_What you have to do_: The copy should run from the line containing "LebenItalic-fontti – aakkoset, numerot, erikoismerkit" through the last line of the entries below, exactly as written, with pictures omitted.

Collection entries:

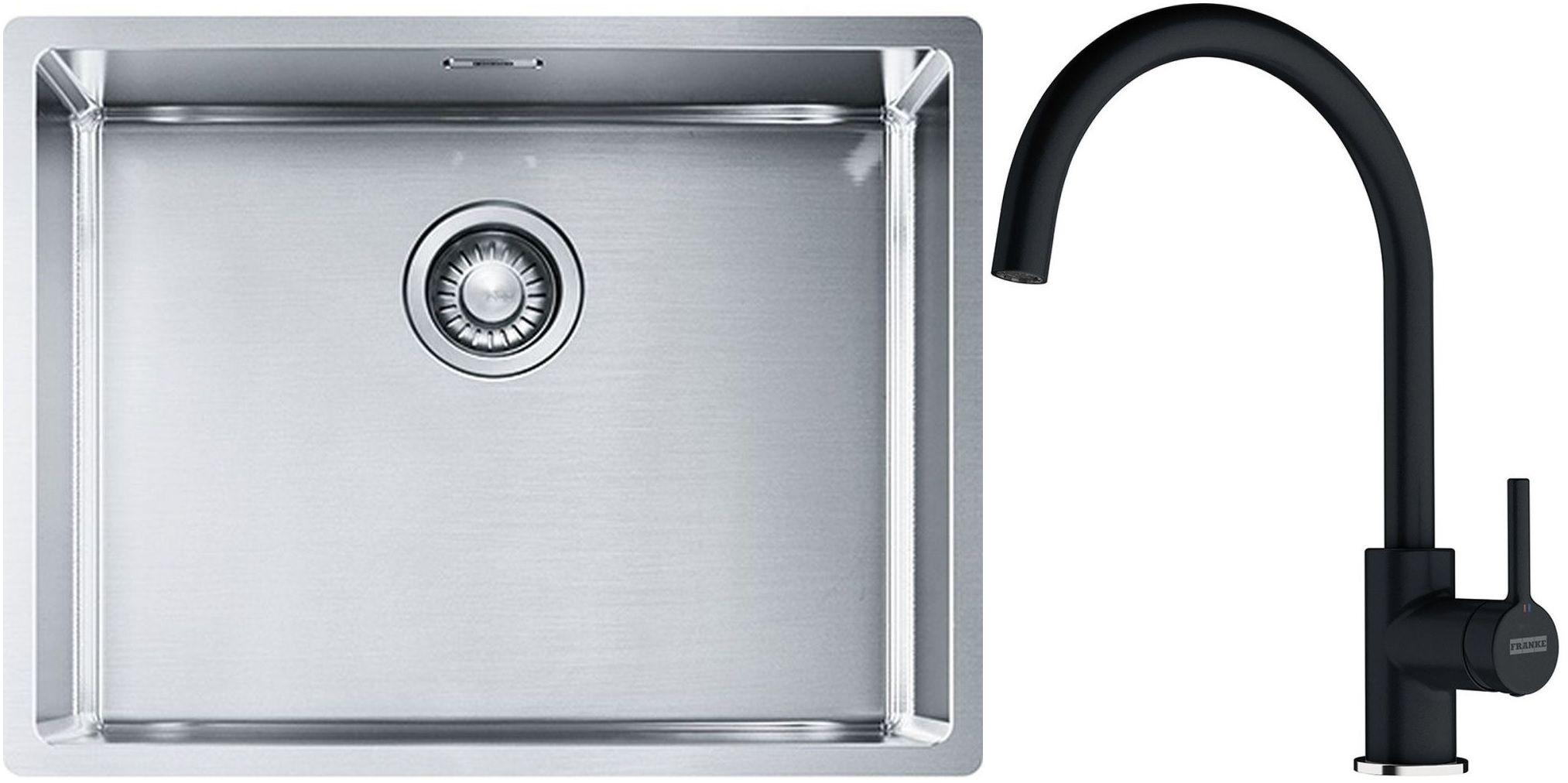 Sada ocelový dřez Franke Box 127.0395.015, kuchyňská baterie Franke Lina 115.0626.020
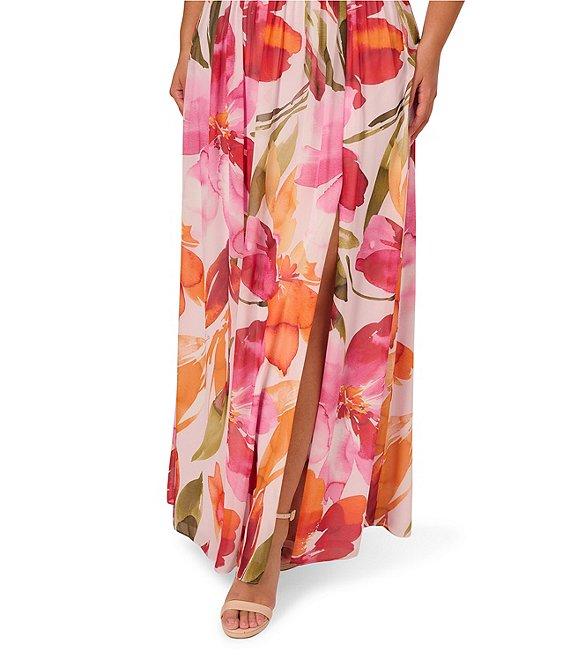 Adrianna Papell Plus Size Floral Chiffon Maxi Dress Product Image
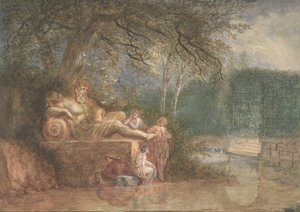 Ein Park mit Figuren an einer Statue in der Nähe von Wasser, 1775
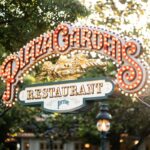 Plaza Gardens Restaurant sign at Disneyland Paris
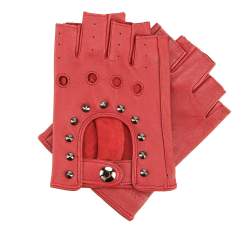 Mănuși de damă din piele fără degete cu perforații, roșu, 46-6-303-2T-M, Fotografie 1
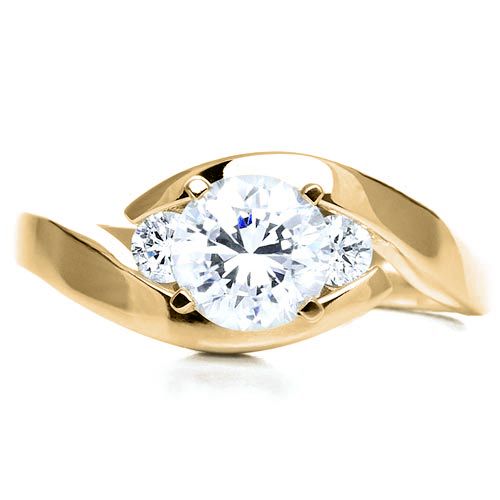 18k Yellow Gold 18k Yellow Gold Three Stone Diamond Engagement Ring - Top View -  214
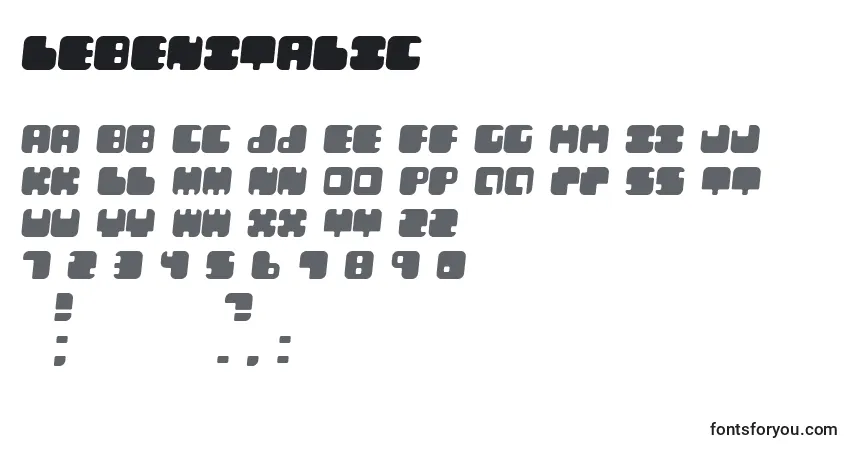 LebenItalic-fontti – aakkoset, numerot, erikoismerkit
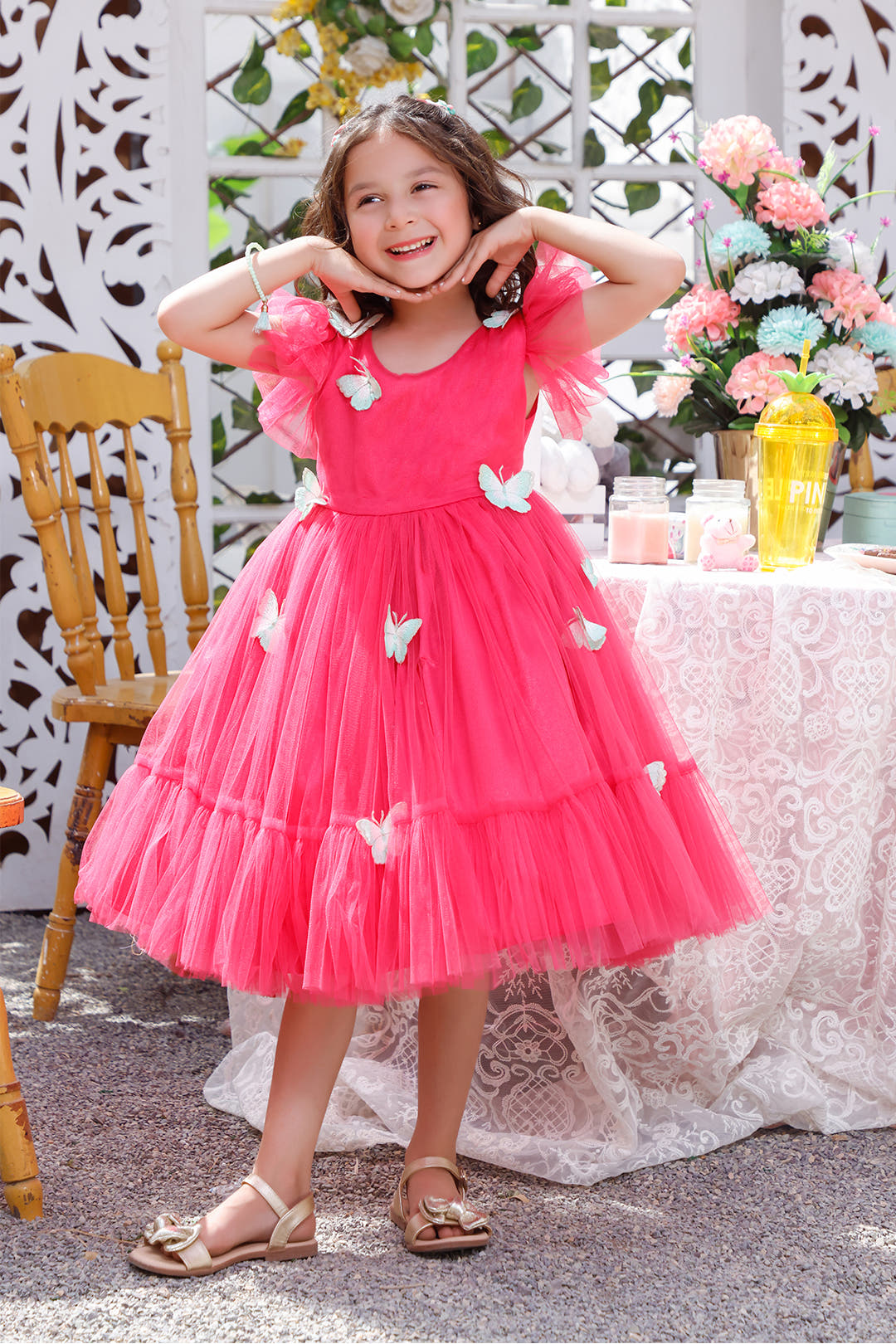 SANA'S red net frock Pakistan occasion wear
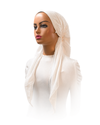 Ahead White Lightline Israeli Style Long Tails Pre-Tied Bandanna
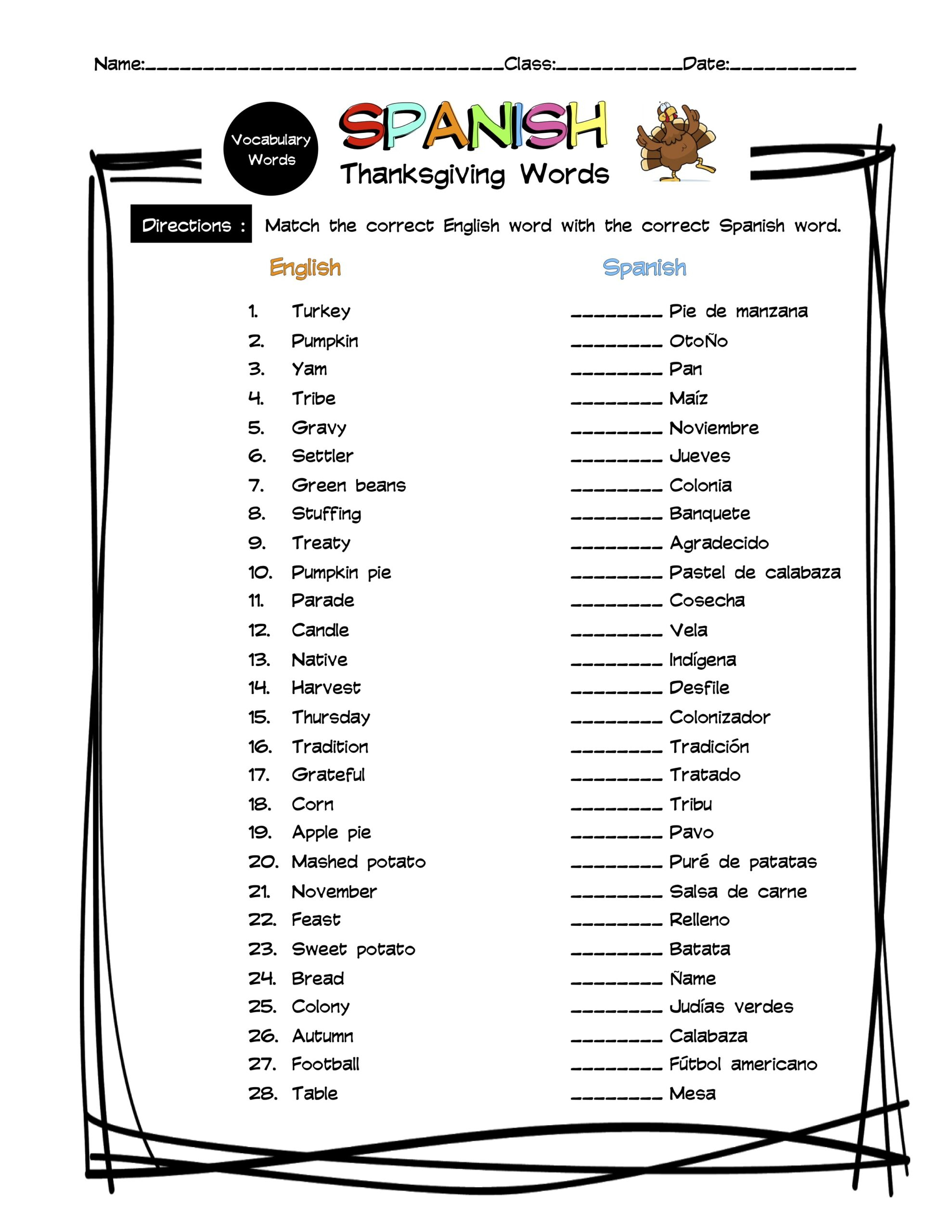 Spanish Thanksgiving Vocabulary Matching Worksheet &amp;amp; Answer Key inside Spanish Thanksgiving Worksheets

_Answer to this exercise_:
 LebenItalic-fontti – aakkoset, numerot, erikoismerkit
 SANA'S red net frock Pakistan occasion wear
 Ahead White Lightline Israeli Style Long Tails Pre-Tied Bandanna
 Spanish Thanksgiving Vocabulary Matching Worksheet &amp;amp; Answer Key inside Spanish Thanksgiving Worksheets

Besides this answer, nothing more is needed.